I have a list of lists of tuples. Each tuple has the form (string,int), e.g.
lst = list()
lst.append([('a',5),('c',10),('d',3),('b',1)])
lst.append([('c',14),('f',4),('b',1)])
lst.append([('d',22),('f',2)])
Think of the int's as counts of each string in different blocks of text.
What I need to do is produce a list of top-N occurring strings together with their cumulative counts. So in the example above, a appears 5 times, b appears twice, c appears 24 times etc. If N=2, then I would have to produce either a pair of parallel lists ['d','c'] and [25,24] or a list of tuples [('d',25),('c',24)]. I need to do it as quickly as possible. My machine has lots of RAM so memory is not an issue.

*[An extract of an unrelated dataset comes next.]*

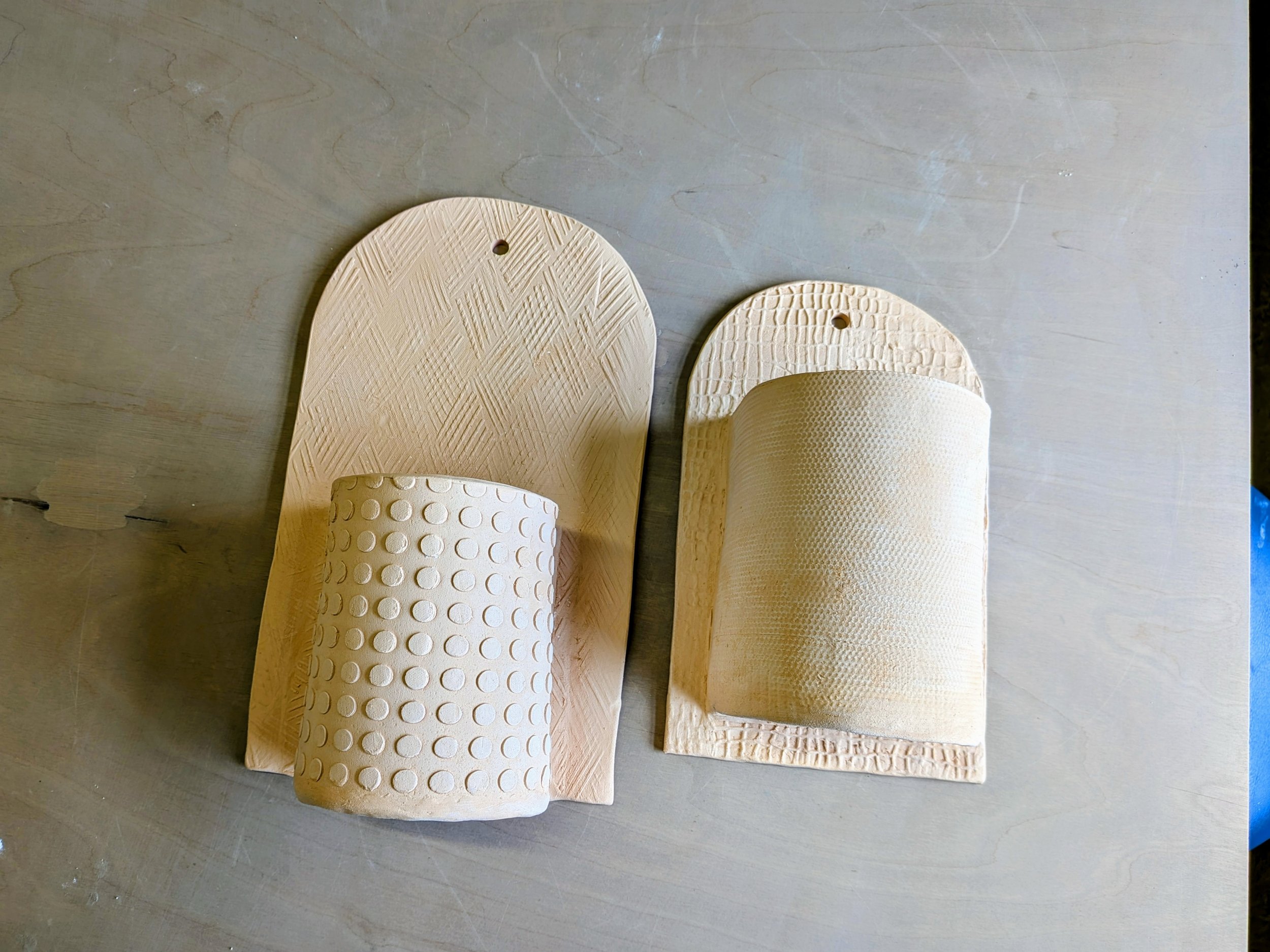 Two clay wall sconces with textured patterns, one with dots and the other with a fabric-like texture, placed on a wooden surface.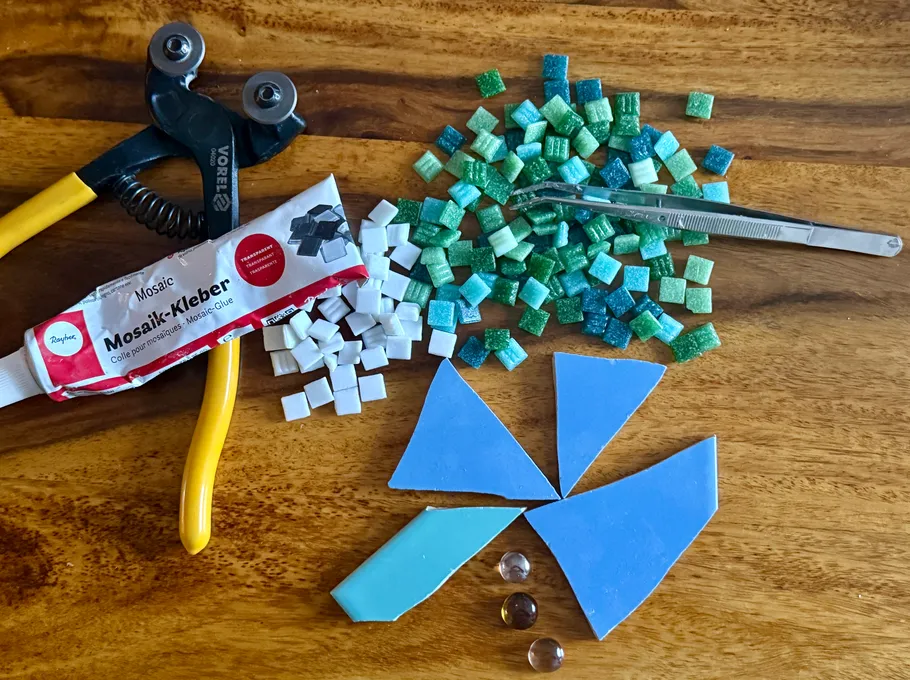 Mosaic tools, tiles and glue on wooden surface.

I have this implementation:
import numpy as np
def getTopN(lst,N):
    sOut = []
    cOut = []
    for l in lst:
        for tpl in l:
            s = tpl[0]
            c = tpl[1]
            try:
                i = sOut.index(s)
                cOut[i] += c
            except:
                sOut.append(s)
                cOut.append(c)
    sIndAsc = np.argsort(cOut).tolist()
    sIndDes = sIndAsc[::-1]
    cOutDes = [cOut[sir] for sir in sIndDes]
    sOutDes = [sOut[sir] for sir in sIndDes]
    return sOutDes[0:N],cOutDes[0:N]
There's gotta be a better way, but what would it be?